Notices of appeal are to be liberally construed in favor of
their sufficiency. (Cal. Rules of Court, rule 1(a).) The June
1993 order which announced the court's decision to grant the
Sacramento Bee's petitions was expressly conditional; it was
subject to approval after review of the records. The procedure
for accomplishing this review and the decisionmaking process
was not finally established until the June 1994 order, which
expressly recognized that the parties reserved their rights to
seek review of the earlier orders as well as that order. We construe
the notices of appeal liberally to include the June 1993 order.
(See In re Tracy Z. (1987) 195 Cal.App.3d 107, 112 [240 Cal.Rptr.
445] [notice of appeal citing only jurisdictional finding and
decision liberally construed to include appeal from subsequent
dispositional order].)
II. Release of Juvenile Court Records to the Press
A. No First Amendment Issue
In San Bernardino County Dept. of Public Social Services v.
Superior Court (1991) 232 Cal.App.3d 188, at page 205 [283 Cal.Rptr.
332], the court concluded the First Amendment right of access
to court proceedings did not apply to juvenile dependency proceedings.
The Sacramento Bee is not asserting a First Amendment right to
inspect the juvenile court records. It is not, however, conceding
it has no such right. Instead, it asserts section 827 permits
the juvenile court to grant the press access to juvenile court
records in certain cases, just as the court can permit the press
to attend juvenile court hearings under section 346, so any constitutional
problem posed by a rule of mandatory closure is avoided. [FN3]

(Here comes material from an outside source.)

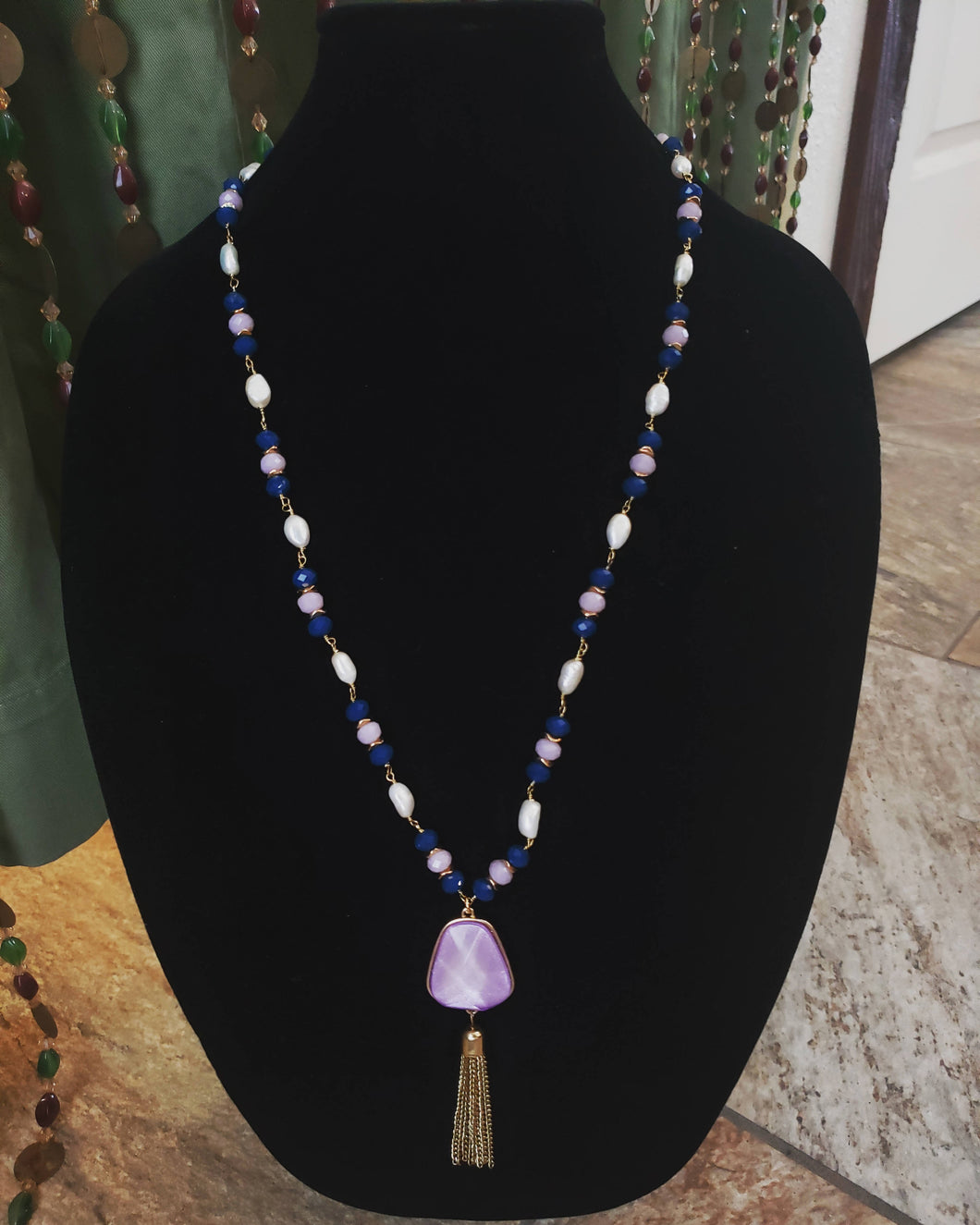 Lilac and Pearls-N0001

Since we agree with the Sacramento Bee's interpretation of section
827, we need not address any First Amendment issues. *231
FN3 In Globe Newspaper Co. v. Superior Court (1982) 457 U.S.
596 [73 L.Ed.2d 248, 102 S.Ct. 2613], the United States Supreme
Court held a rule requiring mandatory closure of the courtroom
to the press during the testimony of minor sex victims in all
cases was unconstitutional. At least one court has read this
case to suggest that an across-the-board ban on press access
to juvenile proceedings would pose a constitutional issue. (U.S.

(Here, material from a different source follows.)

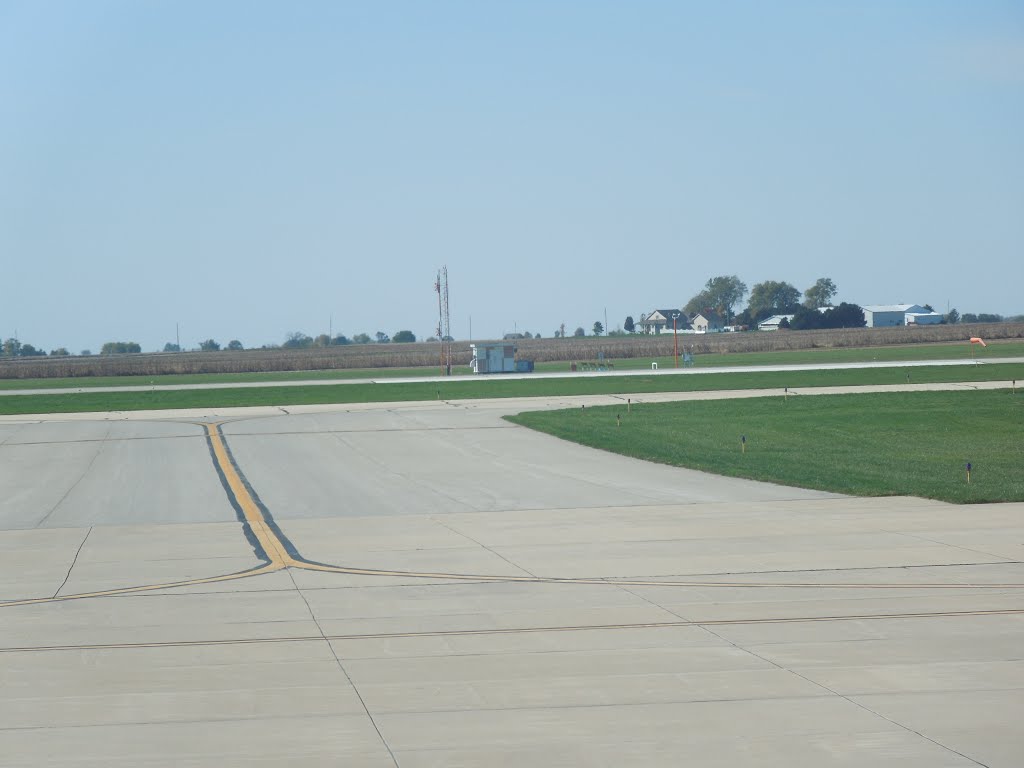 University of Illinois Willard Airport, Савои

v. A.D. (3d Cir. 1994) 28 F.3d 1353, 1358.)
B. Section 827
(3) It is the express intent of the Legislature "that
juvenile court re cords, in general, should be confidential."
(§ 827, subd. (b).) The strong public policy of confidentiality
of juvenile proceedings and records has long been recognized.

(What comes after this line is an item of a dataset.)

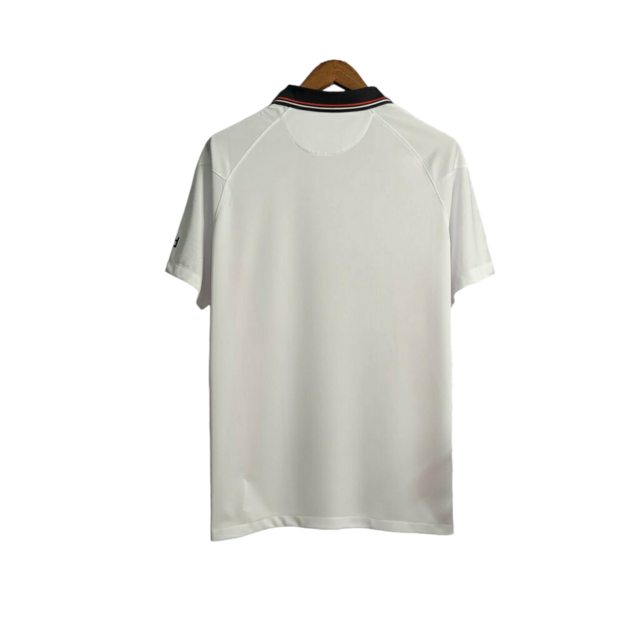 Camisa Frankfurt II 21/22 - Torcedor Nike Masculina - Branca com detalhes em preto e vermelho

[FN4] (T.N.G. v. Superior Court (1971) 4 Cal.3d 767, 778 [94
Cal.Rptr. 813, 484 P.2d 981]; Foster v. Superior Court (1980)
107 Cal.App.3d 218, 228 [165 Cal.Rptr. 701].) Courts have recognized,
however, that this policy of confidentiality is not absolute.
The juvenile court, which is in the best position to determine
whether disclosure is in the best interests of the minor, has
been vested with "exclusive authority to determine the extent
to which juvenile records may be released to third parties."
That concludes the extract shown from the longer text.